そして、近江家の前まで到着する。
時間的には、昨日とそれほど変わらなかったので、玄関を開けると(鍵はあずかっているのだ)、久瑠実さんが作ってくれたであろう夕食の匂いが漂ってきた。
魚を焼いた、香ばしい匂いだ。
「おかえりなさい! 愛美お姉ちゃん!」
扉を開けて靴を脱いだ瞬間、待ちわびたとばかりに、リビングの方から憂ちゃんが飛び出してきた。
そんな憂ちゃんを適当に相手をしながらリビングに入ると、予想通りキッチンで久瑠実さんが調理中だった。
「おかえりなさい。愛美ちゃん。お勉強お疲れ様」
にこっと微笑みながら、わたしに労いの言葉をかけてくれる久瑠実さん。間違いなく、憂ちゃんが報告したのだろう。

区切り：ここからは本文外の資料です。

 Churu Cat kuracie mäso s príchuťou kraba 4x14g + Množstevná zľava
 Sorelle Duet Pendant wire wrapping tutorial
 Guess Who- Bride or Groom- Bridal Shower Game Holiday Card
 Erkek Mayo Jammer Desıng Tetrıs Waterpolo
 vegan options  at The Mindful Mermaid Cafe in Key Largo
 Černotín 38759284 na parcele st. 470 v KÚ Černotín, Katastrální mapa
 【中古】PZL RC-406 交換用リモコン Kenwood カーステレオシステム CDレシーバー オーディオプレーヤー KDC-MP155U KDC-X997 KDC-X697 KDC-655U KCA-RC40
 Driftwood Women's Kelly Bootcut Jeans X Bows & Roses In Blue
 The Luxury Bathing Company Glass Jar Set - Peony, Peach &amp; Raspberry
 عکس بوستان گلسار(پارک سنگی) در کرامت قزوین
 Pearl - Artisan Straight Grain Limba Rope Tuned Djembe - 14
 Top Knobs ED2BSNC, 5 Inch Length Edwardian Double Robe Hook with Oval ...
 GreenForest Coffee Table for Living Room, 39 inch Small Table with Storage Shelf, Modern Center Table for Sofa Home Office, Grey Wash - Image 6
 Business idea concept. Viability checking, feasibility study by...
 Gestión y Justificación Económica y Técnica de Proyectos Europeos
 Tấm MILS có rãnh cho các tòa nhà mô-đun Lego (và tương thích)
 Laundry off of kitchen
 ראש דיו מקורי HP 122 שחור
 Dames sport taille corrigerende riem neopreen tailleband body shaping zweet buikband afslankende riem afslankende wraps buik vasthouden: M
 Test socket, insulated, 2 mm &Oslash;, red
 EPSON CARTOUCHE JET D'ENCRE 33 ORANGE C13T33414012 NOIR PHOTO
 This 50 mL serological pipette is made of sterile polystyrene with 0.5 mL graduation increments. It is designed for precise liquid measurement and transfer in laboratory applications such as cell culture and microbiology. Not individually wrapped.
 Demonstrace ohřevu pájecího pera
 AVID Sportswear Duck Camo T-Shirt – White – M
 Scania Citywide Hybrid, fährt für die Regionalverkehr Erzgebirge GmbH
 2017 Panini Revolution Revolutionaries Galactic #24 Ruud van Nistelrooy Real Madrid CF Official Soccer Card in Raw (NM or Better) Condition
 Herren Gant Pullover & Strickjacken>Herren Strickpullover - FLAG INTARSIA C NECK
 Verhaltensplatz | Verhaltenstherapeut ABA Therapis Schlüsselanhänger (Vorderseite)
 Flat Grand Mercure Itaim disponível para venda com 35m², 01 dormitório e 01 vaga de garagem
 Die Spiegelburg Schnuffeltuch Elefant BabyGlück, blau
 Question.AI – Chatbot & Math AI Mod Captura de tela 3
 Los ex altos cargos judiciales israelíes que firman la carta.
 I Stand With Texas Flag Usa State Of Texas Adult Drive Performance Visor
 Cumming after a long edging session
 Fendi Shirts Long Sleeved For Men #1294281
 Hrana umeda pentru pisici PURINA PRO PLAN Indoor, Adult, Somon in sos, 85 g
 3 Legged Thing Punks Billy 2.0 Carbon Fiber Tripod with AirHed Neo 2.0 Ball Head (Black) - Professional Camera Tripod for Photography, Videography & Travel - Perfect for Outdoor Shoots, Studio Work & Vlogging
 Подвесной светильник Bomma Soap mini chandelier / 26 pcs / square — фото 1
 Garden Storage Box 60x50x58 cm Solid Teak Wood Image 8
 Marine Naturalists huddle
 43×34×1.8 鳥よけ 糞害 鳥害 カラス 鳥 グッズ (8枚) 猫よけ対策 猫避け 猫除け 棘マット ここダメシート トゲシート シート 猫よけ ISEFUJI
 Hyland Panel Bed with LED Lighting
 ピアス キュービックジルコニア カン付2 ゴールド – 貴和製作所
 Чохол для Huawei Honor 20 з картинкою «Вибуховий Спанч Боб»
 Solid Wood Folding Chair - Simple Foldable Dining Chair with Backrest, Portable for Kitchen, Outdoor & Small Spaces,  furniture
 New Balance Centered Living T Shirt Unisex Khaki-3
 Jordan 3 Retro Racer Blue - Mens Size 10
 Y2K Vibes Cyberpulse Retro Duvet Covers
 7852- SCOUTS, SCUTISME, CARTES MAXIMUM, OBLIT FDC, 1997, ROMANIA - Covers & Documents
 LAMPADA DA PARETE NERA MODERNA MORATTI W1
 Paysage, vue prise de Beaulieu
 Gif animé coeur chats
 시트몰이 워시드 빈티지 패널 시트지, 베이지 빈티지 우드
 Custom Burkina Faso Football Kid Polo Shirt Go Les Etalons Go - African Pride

その後、しつこく勉強会の様子を聞いてくる憂ちゃんと一緒に、面白くもないテレビの画面を見ながら過ごしていると、由吉さんと蓮さんも帰って来て晩御飯をみんなで食べた。
今日の晩御飯のメニューは、ブリの照り焼き。
相変わらず、真ん中のおおきなお皿に、切り身がいっぱい乗っけてあるスタイルだった。
「愛美ちゃんがお勉強をして帰ってくるって聞いて、ちょうどスーパーで安売りしてたから買ってきたのよ。これで、少しは愛美ちゃんの力になれたら嬉しいわ」
「ん? ママ、『ちょうど』って、どういうこと? ブリって今が旬だったっけ?」
「それはね憂、ブリには、『DHA』っていう、学習能力を高めてくれる成分が多く含まれているんだよ。『日本の子供の知能指数が高いのは、日本人が昔からたくさん魚を食べていたことが理由の1つ』っていう研究結果もあるくらいだからね」
「そうなのか蓮! よし、憂! どんどん食べろ! 賢くなるぞ!」
うん! と元気よく返事すると、憂ちゃんは一切れ、二切れと、自分の受け皿に乗せていく。
「……ただし、食べるだけで賢くなるわけじゃないから気を付けること。このあとちゃんと勉強しないと、賢くならないよ」
「うわ~ん! 騙された!」
蓮さんの説明を受けて、悔しそうに、憂ちゃんは自分の頭を抱えて悶えていた。
いや、このあと勉強すればいいじゃん、という突っ込みは誰もせず、久瑠実さんも、そして由吉さんも、笑い声を上げた。
本当に、賑やかな家族で、わたしの知らない家族の形だと思う。
だからこそ、わたしはここに、混ざることができない。